We can do something similar when all three variables are discrete, too. Let’s replace age with race and do a column plot instead:

Data |>
  group_by(gender_id, pid3_new) |>
  ct(race_new) |>
  ggplot() +
  aes(
    x = pct,
    y = race_new
  ) +
  geom_col(
    fill = "gray"
  ) +
  facet_grid(gender_id ~ pid3_new) +
  scale_x_continuous(
    labels = scales::percent
  ) +
  labs(
    x = NULL,
    y = NULL,
    title = "Breakdown of respondent race by partisanship\nand gender",
    caption = "Source: What the Hell Happened? (Data for Progress)"
  )

If we don’t like the above approach (it is a little hard to draw comparisons), we instead could use a stacked barchart:

Data |>
  group_by(gender_id, pid3_new) |>
  ct(race_new, cum = T) |> # computes cumulative pct
  ggplot() +
  aes(
    x = pct,
    y = pid3_new,
    fill = race_new
  ) +
  geom_col() +
  facet_wrap(~ gender_id) +
  scale_x_continuous(
    labels = scales::percent
  ) +
  labs(
    x = NULL,
    y = NULL,
    title = "Breakdown of respondent race by partisanship\nand gender",
    caption = "Source: What the Hell Happened? (Data for Progress)",
    fill = NULL
  )

There’s nothing to stop you from going further and showing the breakdown of the data using four (or more) variables. However, for each new variable you want to throw in the mix, there are diminishing returns to interpretability. In most cases, three variables in one data viz is more than enough to tell a compelling story. Go beyond three at your own risk.
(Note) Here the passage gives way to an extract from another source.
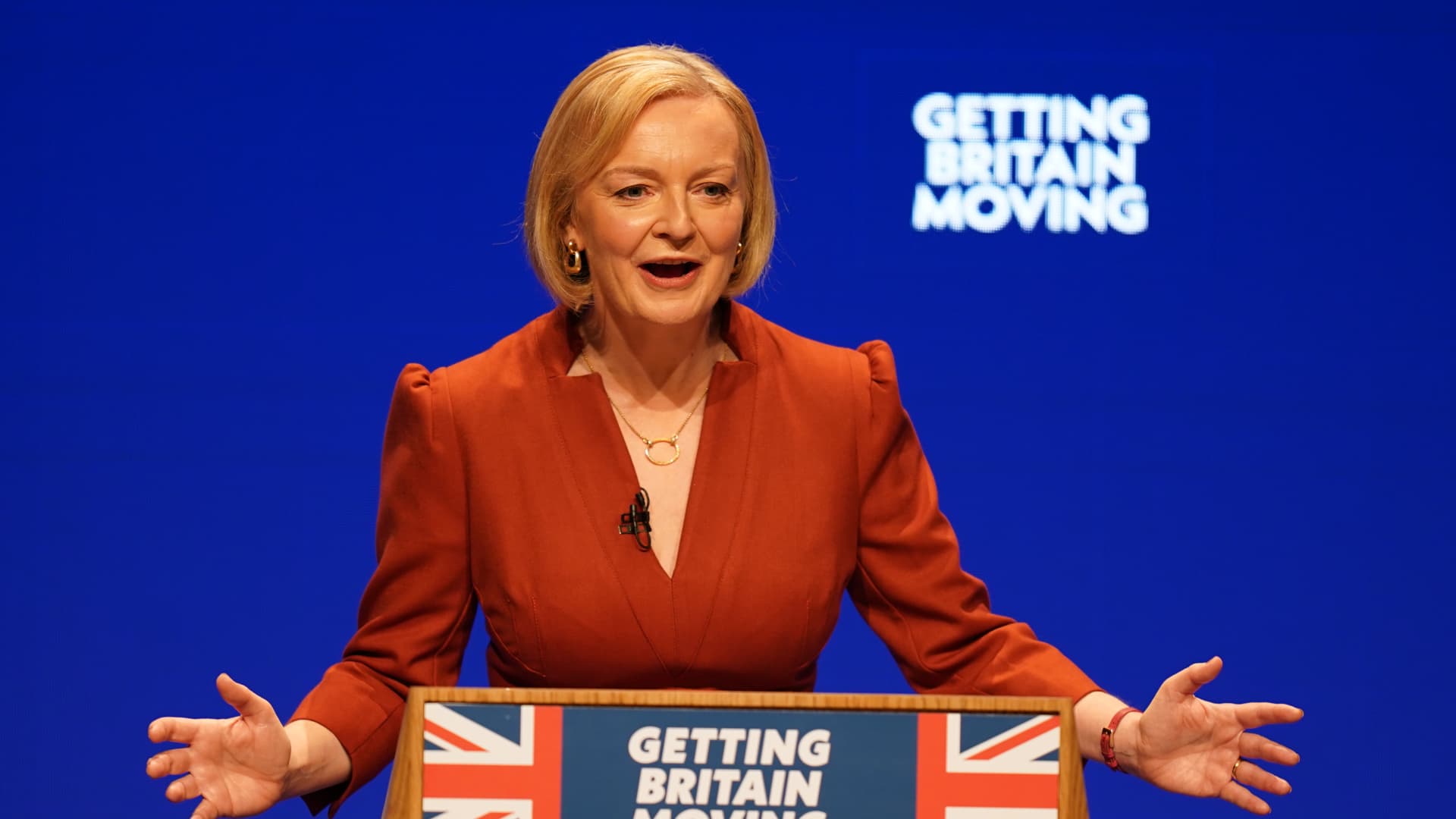 UK’s Liz Truss pledges tax-cutting future in speech plagued by protest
16.3 Summarizing Attitudes

We have similar data visualization choices when we want to show how an attitude either breakdowns by different demographic factors in the data or else is correlated with other attitudes. Just like with demographic factors, your data visualizations can range from simple to complex.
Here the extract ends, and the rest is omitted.